Different index providers or funds have similar definitions of factors, but the differences in multi-factor strategies lie in the use and combination of factors.
In general, multi-factor strategies can be categorized into two broad areas, with the first type of multi-factor model taking a stock screening approach. The second type of model is the factor tilting method. For example, S&P used a screening method to construct its quality-value index, while FTSE Russell used a factor titling approach to construct its multi-factor Index.
Double screening of stocks result in better quality
Stock screening is a bottom-up approach for portfolio construction. The construction of the S&P China A-Share Quality and Value Index is divided into two steps [Note 1]. The first step is to select the 200 stocks with the highest quality scores in the China A-share index according to S&P's definition of quality, and the second step is to select the 200 stocks with the highest quality scores in the China A-share index. The second step is to select the 100 stocks with the highest value scores out of the 200 stocks to become constituent stocks, and the final weighting of the constituent stocks will be based on the market capitalization of the individual stocks.
Double screening ensures that the constituent stocks have both good quality and low valuation characteristics. Using screening methods may result in over-concentration of individual stocks and sectors, therefore requiring the use of optimization algorithms. The company weight will be adjusted to comply with the restriction that the total industry weighting shall not exceed 40%, or the individual shares shall not exceed 5%.
Contrary to stock screening, factor tilting is a top-down model, where factor exposure is obtained by adjusting for individual stock weights. This is done by using statistical functions to standardize the factor values into a score between 0 and 1. The factor scores then are combined by calculating the average. The average can be either an arithmetic or geometric mean.

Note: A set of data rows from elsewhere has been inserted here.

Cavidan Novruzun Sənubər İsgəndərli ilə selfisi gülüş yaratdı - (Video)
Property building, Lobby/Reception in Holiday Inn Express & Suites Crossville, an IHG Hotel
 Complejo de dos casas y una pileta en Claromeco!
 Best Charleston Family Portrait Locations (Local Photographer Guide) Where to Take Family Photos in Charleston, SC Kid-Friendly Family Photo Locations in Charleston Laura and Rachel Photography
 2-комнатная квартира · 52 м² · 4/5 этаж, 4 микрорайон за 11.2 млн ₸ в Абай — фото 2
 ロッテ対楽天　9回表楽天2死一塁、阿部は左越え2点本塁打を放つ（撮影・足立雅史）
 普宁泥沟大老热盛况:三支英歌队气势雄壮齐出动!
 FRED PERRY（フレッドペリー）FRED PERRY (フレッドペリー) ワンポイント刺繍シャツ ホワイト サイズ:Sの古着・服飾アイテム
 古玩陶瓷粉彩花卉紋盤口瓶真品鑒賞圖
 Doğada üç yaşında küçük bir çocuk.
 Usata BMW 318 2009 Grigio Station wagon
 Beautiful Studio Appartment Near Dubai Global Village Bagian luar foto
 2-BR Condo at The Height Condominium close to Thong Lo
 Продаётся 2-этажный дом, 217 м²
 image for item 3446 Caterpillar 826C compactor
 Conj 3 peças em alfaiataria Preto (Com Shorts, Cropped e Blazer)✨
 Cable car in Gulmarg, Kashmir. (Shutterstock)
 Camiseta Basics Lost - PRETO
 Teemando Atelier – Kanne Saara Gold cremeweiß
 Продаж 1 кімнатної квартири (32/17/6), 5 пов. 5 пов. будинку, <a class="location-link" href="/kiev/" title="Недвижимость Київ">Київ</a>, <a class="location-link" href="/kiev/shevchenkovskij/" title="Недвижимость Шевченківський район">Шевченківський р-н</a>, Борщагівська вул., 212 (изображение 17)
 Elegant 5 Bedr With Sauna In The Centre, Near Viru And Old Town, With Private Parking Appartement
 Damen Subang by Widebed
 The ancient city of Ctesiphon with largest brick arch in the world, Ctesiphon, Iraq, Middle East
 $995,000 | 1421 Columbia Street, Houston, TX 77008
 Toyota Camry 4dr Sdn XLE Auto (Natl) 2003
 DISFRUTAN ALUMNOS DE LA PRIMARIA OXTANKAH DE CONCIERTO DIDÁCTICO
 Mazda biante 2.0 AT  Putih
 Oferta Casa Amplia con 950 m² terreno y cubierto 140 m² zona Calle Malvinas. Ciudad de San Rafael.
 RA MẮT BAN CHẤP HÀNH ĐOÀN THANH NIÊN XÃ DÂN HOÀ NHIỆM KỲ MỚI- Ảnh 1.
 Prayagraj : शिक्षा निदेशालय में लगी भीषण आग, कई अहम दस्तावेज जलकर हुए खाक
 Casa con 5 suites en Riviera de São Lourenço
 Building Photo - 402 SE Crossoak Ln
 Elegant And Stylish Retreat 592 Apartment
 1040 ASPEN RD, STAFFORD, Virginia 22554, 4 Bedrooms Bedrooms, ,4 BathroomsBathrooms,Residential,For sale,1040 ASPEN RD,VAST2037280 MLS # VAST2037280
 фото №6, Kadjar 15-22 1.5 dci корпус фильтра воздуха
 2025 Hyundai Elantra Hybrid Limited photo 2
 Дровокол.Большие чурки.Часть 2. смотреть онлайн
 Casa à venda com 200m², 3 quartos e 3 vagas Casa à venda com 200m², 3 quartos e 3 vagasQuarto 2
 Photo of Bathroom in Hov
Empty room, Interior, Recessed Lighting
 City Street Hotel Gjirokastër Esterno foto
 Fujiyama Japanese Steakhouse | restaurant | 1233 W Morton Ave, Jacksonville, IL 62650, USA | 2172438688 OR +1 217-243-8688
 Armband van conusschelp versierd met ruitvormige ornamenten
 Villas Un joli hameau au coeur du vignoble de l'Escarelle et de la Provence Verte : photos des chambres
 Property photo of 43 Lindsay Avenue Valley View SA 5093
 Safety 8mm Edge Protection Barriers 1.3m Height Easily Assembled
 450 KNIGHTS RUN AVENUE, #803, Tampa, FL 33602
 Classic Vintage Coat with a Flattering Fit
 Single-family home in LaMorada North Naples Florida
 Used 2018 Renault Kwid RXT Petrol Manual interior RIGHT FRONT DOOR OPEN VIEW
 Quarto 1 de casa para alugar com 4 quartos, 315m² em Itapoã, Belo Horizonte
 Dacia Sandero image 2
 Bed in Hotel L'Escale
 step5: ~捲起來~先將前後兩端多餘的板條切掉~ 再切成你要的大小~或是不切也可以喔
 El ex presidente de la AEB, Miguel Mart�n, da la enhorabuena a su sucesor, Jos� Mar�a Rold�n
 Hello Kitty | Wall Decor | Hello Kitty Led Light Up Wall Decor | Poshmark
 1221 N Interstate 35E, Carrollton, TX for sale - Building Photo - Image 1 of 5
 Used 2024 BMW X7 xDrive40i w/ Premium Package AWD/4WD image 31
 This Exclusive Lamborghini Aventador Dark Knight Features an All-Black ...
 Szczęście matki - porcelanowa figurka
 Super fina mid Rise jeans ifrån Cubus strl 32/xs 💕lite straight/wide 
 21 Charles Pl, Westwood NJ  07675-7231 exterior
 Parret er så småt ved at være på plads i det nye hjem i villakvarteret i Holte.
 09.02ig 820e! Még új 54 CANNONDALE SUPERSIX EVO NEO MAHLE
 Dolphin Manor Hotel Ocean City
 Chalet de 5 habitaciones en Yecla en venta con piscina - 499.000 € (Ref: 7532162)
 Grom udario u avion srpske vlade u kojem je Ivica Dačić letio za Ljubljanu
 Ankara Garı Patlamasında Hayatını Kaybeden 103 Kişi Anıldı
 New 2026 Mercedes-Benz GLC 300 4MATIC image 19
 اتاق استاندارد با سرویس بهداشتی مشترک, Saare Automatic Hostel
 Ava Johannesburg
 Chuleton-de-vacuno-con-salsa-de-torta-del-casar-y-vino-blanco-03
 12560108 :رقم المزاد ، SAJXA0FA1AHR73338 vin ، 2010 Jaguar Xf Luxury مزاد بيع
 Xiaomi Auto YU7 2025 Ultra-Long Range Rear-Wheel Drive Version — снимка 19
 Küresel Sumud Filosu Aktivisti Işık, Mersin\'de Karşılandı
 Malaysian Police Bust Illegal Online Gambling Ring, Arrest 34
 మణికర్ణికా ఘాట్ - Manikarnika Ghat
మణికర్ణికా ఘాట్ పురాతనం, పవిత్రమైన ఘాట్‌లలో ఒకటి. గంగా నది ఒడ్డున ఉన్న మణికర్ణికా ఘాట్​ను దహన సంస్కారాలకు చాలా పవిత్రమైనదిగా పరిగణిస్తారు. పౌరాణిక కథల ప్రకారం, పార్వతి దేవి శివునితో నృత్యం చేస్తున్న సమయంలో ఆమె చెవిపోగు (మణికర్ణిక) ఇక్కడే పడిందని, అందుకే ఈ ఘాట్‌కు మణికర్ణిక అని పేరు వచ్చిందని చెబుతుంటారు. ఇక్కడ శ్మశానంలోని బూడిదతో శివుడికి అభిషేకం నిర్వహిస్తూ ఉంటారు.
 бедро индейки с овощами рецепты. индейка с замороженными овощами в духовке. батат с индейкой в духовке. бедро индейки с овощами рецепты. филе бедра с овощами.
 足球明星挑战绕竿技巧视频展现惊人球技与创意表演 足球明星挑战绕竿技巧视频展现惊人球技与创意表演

If the arithmetic mean is used, the main consideration is to balance the influence between the factors. When one factor scores high and one factor scores low, there will be a hedging impact. The geometric mean takes into account the interaction between the factors. When one factor score is high and one factor score is low, the combined score will be low due to the geometric nature. The final step is to adjust the weighting of the individual stocks according to the total average score, with higher total scores increasing the weighting and lower total scores reducing it.
These two multi-factor construction methods have their own characteristics. Stock screening is more straightforward, easier to understand and has a more concentrated weighting, hence a greater tracking error. It is believed that if the factors are effective in stock selection, the portfolio returns will be greater. Factor tilting focuses on trading and stock weighting control, and the number of stocks is larger, making it more suitable for larger investments.
After ten years of development, Smart Beta has transformed from a single style strategy to a multi-factor nature. In addition, we can observe that some even newer concepts have emerged, and recently there are new products that provide factor selection. Some products use risk parity strategies to allocate factor weights and some use factor rotation based on the macro environment. In addition, some more complicated factors are gradually being added to the factor list. As investors become smarter, it is expected that the smartness of smart beta strategies will increase as well, continuing to evolve itself.
Note 1: The description of the construction is a conceptual introduction. The precise details should be based on the basic rules.